However (and this is the bit men always get wrong), just because we say all this, it does not mean that they can ignore Valentine's Day. Far from it. In fact, it all means that, on February 14, they have to try even harder to show that you are above it all. Florists have racked up the price of flowers? To prove you are worth it, here's an extra-large bunch. Here's the most gushing card I could find, because that's how I feel about you. You have to work at a relationship - and on Valentine's Day, you have to work even harder.



Lady Rizo

I'm not into Valentine's being a singles' awareness day. But there can be different expressions of love, so I'm into practising self-love, doing things that give me pleasure, such as a spa, a massage, good food. If the idea of that makes you feel lonely, you're not self-loving enough. But there are exercises you can do - I do a lot of mirror love, where I say positive things to myself. There is too much self-hatred in the world.

It's easy, when single, to feel inferior when you look at couples, but comparison is an act of violence - don't wage war on yourself. Practising self-love will change something inside of you for the better, and others will feel that. In order to spill out of your cup, you have to fill it up first.

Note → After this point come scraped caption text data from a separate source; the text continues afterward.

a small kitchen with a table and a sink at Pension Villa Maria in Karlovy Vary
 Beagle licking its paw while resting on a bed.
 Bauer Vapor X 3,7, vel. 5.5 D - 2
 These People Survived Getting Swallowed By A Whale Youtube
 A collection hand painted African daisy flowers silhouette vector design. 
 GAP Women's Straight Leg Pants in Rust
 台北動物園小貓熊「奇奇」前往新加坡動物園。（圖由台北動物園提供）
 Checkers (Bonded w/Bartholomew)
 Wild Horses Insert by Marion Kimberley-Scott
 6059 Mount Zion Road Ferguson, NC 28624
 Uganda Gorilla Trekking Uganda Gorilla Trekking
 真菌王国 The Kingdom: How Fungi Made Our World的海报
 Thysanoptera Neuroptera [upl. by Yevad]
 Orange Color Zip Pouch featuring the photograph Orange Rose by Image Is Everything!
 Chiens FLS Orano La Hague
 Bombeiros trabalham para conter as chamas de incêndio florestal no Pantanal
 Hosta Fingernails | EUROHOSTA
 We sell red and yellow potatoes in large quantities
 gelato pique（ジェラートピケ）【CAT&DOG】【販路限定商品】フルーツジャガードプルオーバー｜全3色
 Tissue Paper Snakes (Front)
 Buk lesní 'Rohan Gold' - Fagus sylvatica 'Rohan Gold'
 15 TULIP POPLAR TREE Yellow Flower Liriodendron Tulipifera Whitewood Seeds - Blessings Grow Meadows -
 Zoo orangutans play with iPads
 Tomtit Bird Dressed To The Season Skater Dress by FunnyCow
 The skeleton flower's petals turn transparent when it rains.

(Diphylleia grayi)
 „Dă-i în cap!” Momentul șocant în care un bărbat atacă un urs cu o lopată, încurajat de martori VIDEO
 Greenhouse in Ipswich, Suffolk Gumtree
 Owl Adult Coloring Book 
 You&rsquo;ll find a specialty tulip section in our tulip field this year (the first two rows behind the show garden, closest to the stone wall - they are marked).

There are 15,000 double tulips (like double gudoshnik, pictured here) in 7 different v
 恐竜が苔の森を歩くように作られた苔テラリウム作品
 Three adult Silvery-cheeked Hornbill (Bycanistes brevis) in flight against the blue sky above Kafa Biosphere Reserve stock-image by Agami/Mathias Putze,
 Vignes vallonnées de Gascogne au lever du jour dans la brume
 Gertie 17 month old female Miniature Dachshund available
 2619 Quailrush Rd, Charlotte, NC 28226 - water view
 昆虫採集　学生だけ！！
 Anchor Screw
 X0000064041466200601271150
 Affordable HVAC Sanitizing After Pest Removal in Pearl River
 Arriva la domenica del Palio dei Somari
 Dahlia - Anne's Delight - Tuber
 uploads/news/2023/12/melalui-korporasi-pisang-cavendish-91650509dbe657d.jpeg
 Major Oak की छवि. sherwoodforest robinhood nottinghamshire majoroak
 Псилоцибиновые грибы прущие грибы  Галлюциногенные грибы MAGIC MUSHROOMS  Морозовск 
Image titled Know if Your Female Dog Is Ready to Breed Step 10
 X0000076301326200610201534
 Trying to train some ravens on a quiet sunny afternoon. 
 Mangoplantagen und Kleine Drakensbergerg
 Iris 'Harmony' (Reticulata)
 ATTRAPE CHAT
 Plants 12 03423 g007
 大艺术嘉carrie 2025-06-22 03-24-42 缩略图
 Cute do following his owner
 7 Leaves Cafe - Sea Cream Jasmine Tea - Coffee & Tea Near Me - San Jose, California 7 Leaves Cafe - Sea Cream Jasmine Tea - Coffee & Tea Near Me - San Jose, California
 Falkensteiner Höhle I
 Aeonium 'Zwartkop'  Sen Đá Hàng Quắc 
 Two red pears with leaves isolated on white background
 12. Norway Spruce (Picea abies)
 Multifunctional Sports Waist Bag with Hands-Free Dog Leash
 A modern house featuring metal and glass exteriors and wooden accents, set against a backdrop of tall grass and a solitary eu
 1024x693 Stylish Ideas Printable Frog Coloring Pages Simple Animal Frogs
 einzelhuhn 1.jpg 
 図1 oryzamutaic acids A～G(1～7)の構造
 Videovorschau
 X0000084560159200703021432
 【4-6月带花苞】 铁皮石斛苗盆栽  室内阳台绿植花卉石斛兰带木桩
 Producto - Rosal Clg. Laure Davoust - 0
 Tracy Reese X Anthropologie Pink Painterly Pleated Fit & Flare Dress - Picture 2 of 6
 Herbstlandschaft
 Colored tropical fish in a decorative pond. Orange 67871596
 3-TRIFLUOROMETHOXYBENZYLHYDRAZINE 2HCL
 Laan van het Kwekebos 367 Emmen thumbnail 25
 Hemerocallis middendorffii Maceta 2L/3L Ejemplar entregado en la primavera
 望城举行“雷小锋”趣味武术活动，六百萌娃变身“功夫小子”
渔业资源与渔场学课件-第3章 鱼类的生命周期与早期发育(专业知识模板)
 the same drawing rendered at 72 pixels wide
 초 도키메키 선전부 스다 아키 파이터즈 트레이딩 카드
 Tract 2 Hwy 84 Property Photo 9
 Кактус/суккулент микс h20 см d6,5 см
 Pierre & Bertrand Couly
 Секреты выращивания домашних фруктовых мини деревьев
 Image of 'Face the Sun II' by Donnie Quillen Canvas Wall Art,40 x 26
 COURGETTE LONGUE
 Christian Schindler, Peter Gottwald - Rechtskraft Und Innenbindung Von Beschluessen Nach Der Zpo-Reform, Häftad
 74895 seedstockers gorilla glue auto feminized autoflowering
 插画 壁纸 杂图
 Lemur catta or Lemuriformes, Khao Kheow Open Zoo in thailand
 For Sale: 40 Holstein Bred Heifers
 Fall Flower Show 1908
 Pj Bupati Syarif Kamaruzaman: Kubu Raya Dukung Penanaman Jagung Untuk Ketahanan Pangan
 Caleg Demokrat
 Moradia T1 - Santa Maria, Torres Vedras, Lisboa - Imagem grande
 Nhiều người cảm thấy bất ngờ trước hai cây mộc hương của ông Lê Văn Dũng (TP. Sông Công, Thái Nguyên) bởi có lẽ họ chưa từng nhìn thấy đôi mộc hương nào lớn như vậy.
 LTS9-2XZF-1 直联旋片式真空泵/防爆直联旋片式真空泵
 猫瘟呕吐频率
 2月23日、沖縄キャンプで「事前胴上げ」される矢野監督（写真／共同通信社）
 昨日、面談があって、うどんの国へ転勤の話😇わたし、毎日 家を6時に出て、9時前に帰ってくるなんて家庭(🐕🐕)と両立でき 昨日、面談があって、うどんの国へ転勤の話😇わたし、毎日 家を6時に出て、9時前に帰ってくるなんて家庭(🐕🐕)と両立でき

Why not have a romantic experience with platonic friends? We are conditioned to pair sex with romance, but platonic romance is not spoken about enough.



India Knight

What I find peculiar is the idea of intimacy being played out in public, presumably for weirdo reasons of needing validation from strangers: "Hey, look at us! We're eating out in public on this special night! Wooh! We must really be in love, huh?"? There are 364 other nights of the year when going out with your beloved will be nice, and one - February 14 - when it'll be ghastly.

To me, intimacy is about intimacy, and if you're going to nod to St Valentine (which you should - it's cheering), then surely the 14th is the one night of the year when you should stay in. What's wrong with cocktails in bed?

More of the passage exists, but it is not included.